(WHAT THE EXERCISE ASKS):
Exactly retype the lines below from the one containing "Hauck Uptown Duo, Black" through the end of the listing. Leave pictures out.
** COLLECTED MATERIAL follows **
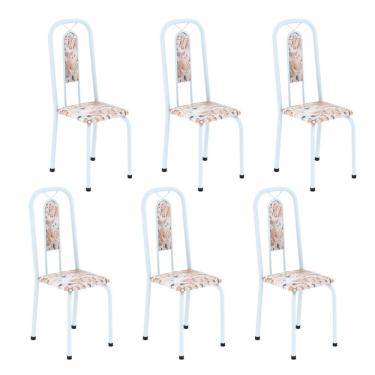 Imagem de Cadeiras para Sala de Jantar 6 Unidades Lívia Botanic Bege / Branco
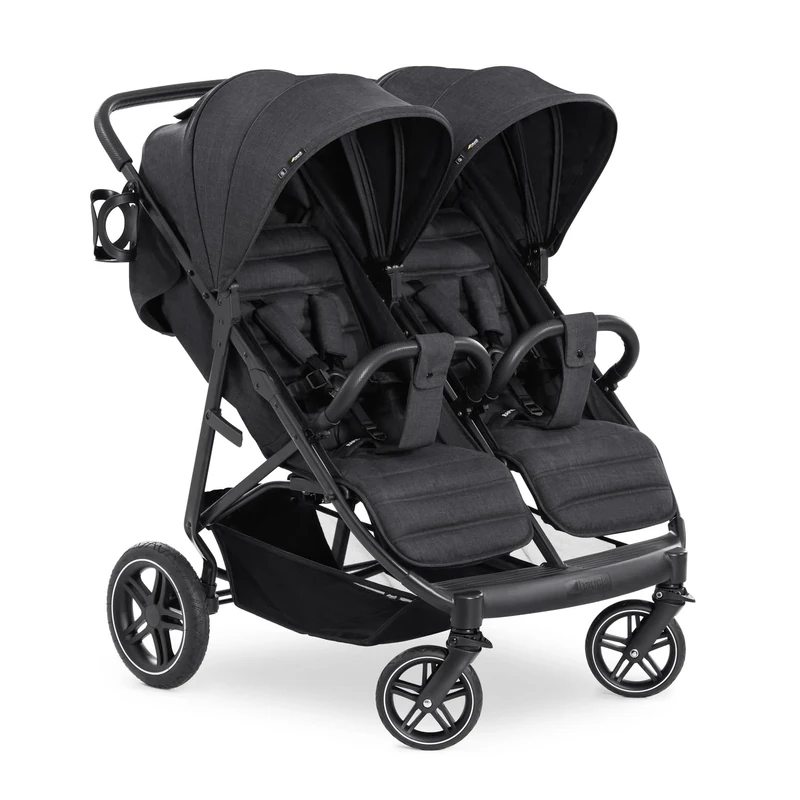 Hauck Uptown Duo, Black - Side by Side Double Pushchair with Raincover, Rubber Wheels & Cup Holder, Fully Reclining from Birth up to 15 kg Each Child, 77 cm Wide, Compact Folding, XL Storage Basket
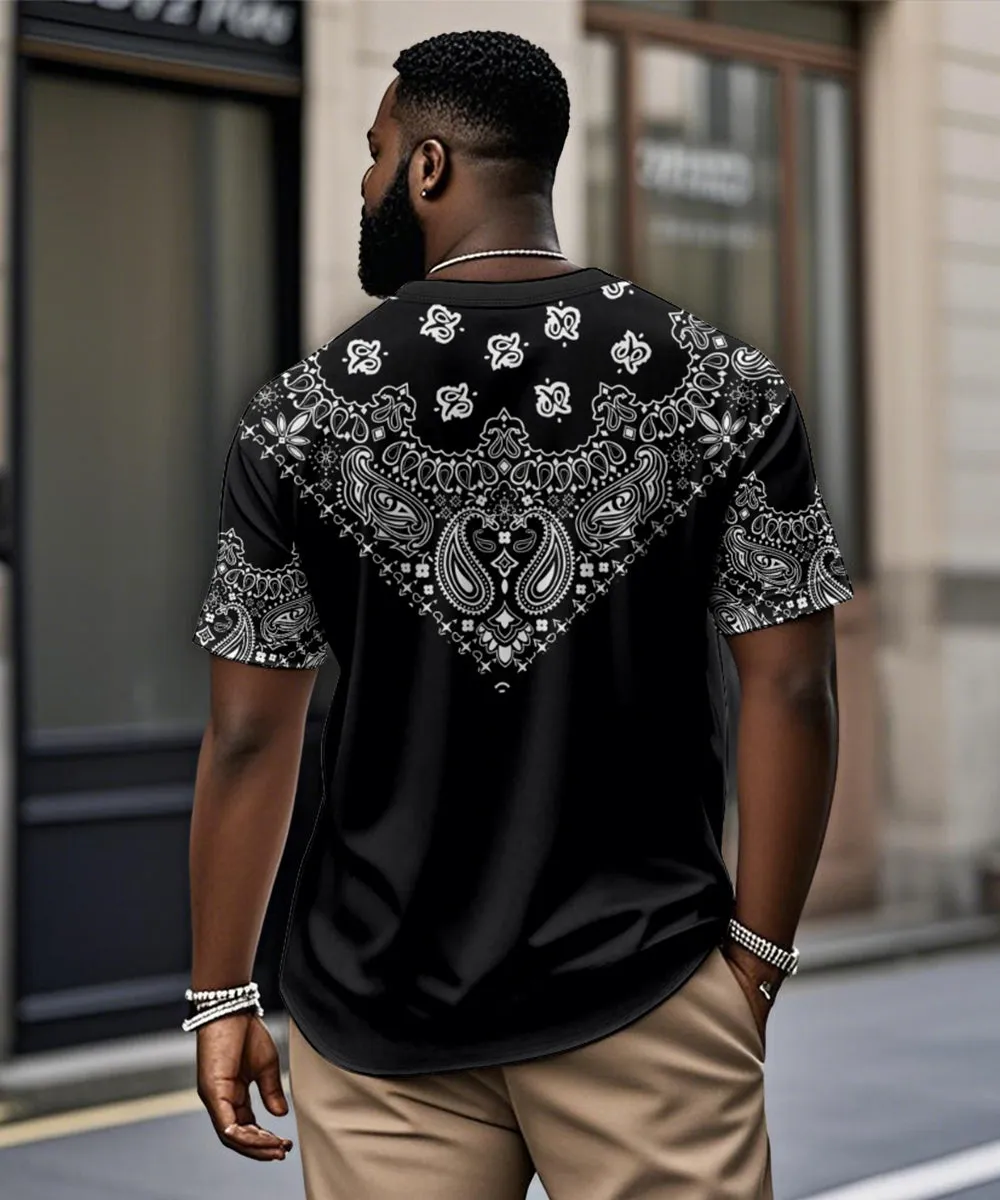 Men's Plus Size Daily Casual Paisley Colorblock Print Henry Collar Button Short Sleeve T-Shirt sold by Biggmans product image thumbnail 2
** End of COLLECTED MATERIAL **
(TASK RESULT):
 Hauck Uptown Duo, Black - Side by Side Double Pushchair with Raincover, Rubber Wheels & Cup Holder, Fully Reclining from Birth up to 15 kg Each Child, 77 cm Wide, Compact Folding, XL Storage Basket
 Men's Plus Size Daily Casual Paisley Colorblock Print Henry Collar Button Short Sleeve T-Shirt sold by Biggmans product image thumbnail 2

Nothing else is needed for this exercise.